Building an AI Agent for Healthcare Using Snowflake Cortex, Notebooks, and ML Classification
Overview

In this quickstart, you will learn how to easily build an AI agent entirely in Snowflake. We will walk through a scenario in the healthcare industry to illustrate this.
Contact Center is a critical business function for a Payer/Health Plan. There is heightened focus particularly with the growing market demand for customer centric experiences in Healthcare. Improving the operational efficiency of contact centers and reducing agent burnout are also key priorities for all enterprises.
Business Scenario
You are the Business Leader for a Payer/Health Plan's Contact Center operations. There are 4 primary caller personas reaching your Contact Center - Member, Provider, Employer and Broker.
You have a dual imperative to deliver improved caller experience and at the same time reduce the overall Contact Center operations cost.
Based on a detailed study, you have identified key challenges faced by Contact Center Agents that are leading to operational inefficiency and lower caller satisfaction.
Key problems that Contact Centers face
-
Lack of timely information: Limited ability to gain quicker insights from key information sources makes it harder to have a more personalized interaction with the caller:
- Prior call interactions with the specific caller
- Knowledge base/documentation assets such as help docs, benefit documents, contact documents, etc
-
Lack of contextualized information: The Enterprise Data team has a curated Member 360 Data Product Table which holds rich information on each member. However, there is no usage of this rich information during member call interactions since the Contact Center Agents are more proficient in natural language interactions and not technologically savvy.
-
Lack of predictive insights: Agents are not equipped with any form of predictive intelligence (e.g. potential call reason) that can help in faster resolution of issues.
-
Lack of guided workflows: Agents are expecting advanced features such as recommended "next best action" and AI generated drafts to get their tasks done more efficiently.
What You Will Learn
- How to use Snowflake Notebooks to develop agentic workflows using any open-source model such as Whisper
- How to leverage Cortex Search for a hybrid (vector and keyword) search engine on text data
- How to use Cortex Analyst to help you create applications capable of reliably answering business questions based on your structured data in Snowflake
- How to use ML Functions to build a classification model in a low-code way
- How to use Cortex LLM functions (Cortex Complete) for access to industry-leading large language models (LLMs)
- How to use Cortex Agents to orchestrate across both structured and unstructured data sources to deliver insights
- How to build a chatbot application using Streamlit in Snowflake
Prerequisites
What You Will Build
- A Snowflake Notebook on Container Runtime to process unstructured data (audio files and PDFs) and build a Caller Intent ML Classification Model and execute predictions:
- Audio-to-text transcription using
whisper - PDF processing and text chunking using Snowflake LLM functions
- Audio-to-text transcription using
- A Cortex Agent to orchestrate across both structured and unstructured data sources to deliver insights
- A chatbot application using Streamlit
Architecture Diagram:

The created "Data Agent" ties these features together to provide a single app for end users to use natural language to ask questions and get answers in natural language regardless of whether the underlying data is structured or unstructured.
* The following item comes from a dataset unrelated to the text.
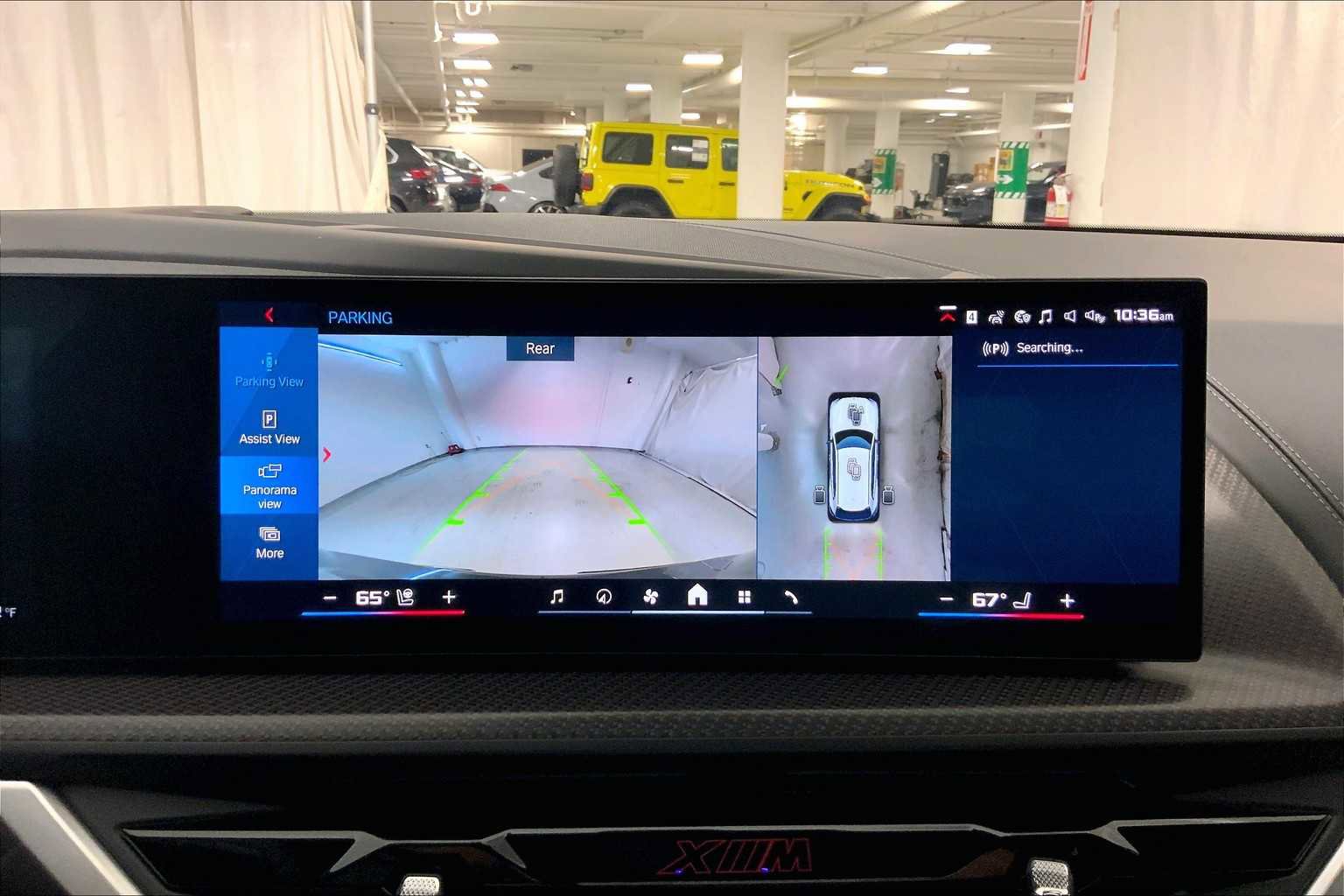 New 2026 BMW XM Label Red image 19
Note: We also include an older Streamlit app to show how to build an "agentic" workflow without Cortex Agent as well.
Data and Snowflake Setup
You can access the full code in this GIT REPO.
Data Overview
There are 3 types of data we're dealing with in this solution:
-
Audio files: Previously recorded calls between a Contact Center Agent and Member
-
PDF files: Knowledge documents currently referred to manually by Contact Center Agents to help answer member inquiries.
-
Structured data: Member 360 and Caller Intent training data
Setup
To get started using Snowflake Notebooks, first login to Snowsight. In the top-left corner, click "+ Create" to create a new Worksheet, and choose "SQL Worksheet".
Paste and run the following setup.sql in the SQL worksheet to create Snowflake objects.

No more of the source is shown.